Book Review, May 2011: From Those Wonderful Folks Who Gave You Pearl Harbor

About the writer: Jerry Della Femina is one of the old school of Madison Avenue ad men who defined American Advertising during its golden age of the 1960s. This book apparently the inspiration behind the TV show ‘Mad Men’ and straight out of the block, Della Femina’s writing hits you like the kick from a three Martini lunch.

As someone that grew up in creative industry, I have to admit and believe that this book is exposing the hate and love of surreal world of advertising, and not even one piece of statement of the fact that mistakenly wrote with actual situation in these days in most of agencies.

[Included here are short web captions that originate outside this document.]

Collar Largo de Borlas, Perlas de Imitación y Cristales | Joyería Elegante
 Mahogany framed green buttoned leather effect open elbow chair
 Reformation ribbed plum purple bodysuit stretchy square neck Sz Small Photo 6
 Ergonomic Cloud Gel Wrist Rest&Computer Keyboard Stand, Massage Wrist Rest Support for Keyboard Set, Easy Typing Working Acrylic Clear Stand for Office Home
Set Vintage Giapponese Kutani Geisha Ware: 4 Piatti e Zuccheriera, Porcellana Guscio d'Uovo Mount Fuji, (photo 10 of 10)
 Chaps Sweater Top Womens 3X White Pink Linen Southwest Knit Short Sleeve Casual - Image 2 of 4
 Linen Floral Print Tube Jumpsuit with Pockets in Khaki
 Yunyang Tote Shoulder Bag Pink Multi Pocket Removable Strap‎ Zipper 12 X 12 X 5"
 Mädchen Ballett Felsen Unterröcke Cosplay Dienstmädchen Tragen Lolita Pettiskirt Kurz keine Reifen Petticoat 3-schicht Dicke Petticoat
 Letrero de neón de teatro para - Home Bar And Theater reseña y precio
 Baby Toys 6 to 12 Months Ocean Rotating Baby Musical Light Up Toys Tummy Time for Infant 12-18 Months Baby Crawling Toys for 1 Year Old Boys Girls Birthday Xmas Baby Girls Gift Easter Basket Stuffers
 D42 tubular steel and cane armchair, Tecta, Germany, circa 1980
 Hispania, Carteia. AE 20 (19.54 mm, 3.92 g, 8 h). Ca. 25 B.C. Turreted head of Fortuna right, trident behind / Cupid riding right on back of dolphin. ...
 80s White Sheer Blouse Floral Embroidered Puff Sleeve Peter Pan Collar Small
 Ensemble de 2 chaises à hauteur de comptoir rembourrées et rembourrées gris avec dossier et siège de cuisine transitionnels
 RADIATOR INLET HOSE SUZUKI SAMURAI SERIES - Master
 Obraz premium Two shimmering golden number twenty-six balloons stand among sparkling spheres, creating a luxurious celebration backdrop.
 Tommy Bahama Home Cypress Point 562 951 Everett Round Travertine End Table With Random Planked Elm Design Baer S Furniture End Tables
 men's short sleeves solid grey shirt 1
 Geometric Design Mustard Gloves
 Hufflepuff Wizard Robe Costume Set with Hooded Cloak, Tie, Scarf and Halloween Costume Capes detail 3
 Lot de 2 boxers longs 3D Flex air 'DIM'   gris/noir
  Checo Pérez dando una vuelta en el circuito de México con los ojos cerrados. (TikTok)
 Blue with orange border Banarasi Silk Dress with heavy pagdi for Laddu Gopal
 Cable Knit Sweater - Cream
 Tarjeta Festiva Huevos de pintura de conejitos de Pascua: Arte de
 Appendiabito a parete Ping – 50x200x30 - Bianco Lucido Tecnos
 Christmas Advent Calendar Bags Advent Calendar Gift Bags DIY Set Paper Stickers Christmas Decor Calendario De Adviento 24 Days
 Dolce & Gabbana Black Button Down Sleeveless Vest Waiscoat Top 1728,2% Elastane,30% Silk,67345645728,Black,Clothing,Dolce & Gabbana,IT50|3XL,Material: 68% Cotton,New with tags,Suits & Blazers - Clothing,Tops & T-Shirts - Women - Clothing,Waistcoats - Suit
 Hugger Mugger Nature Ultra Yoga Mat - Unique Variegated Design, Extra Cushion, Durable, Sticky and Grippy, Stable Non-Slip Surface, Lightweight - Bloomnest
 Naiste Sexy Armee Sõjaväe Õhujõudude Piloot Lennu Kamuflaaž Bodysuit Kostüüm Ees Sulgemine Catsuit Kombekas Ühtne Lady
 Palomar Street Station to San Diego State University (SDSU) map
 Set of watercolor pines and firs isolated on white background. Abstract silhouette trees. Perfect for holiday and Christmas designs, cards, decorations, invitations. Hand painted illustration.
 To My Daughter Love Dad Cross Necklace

It’s enjoyable ride in every chapter. And what so interesting about the this book is, he’s coming from creative side, not the account side. It’s like taking few pints after long days with your creative colleagues and laugh about stuff of what your AE did this morning. Unlike modern advertising, taking the 60s – 70s era, advertising was genuinely creative driven, but he didn’t deny the fact that client interruption, account people common sense (as if they have), censorship, and many things that affecting the result of the creative work. This book spill the truth of creative people (those always late comers-excuse-complaining kind of people-lol-I was one of them too), the fact that account people got nothing but dance to survive, and also agency cocky cranky boss.

One of the chapter:
“What account guys have to do to surviving today is dancing, I mean they’ve got to be agile, with very, very good footwork so they don’t get shot easily. You see, they’ve got nothing to sell. Your copywriter, no matter how young or how bad, has his book-his portfolio-to show. An art director also has a portfolio. Or they’ve got reels, short presentations containing all the commercials they’ve ever shot. But what does the account man to show? Nothing….”
Witty but so true.

But he mentioned about that fact about creative people and their career above their 40s. They are so replaceable with younger creative lads. Isn’t it?

This book is highly recommended for those people who spend their life in one corner of their agency’s office (or their client’s office), sucking their cigarette while waiting for their late night snack. Or for those who trying to get into advertising world and believe that it’s one fun glittery glamorous and (not so) healthy job for their professional life. You decide. Like Della Femina said: “Advertising is the most fun you can have with your clothes on” (only applied for some clients).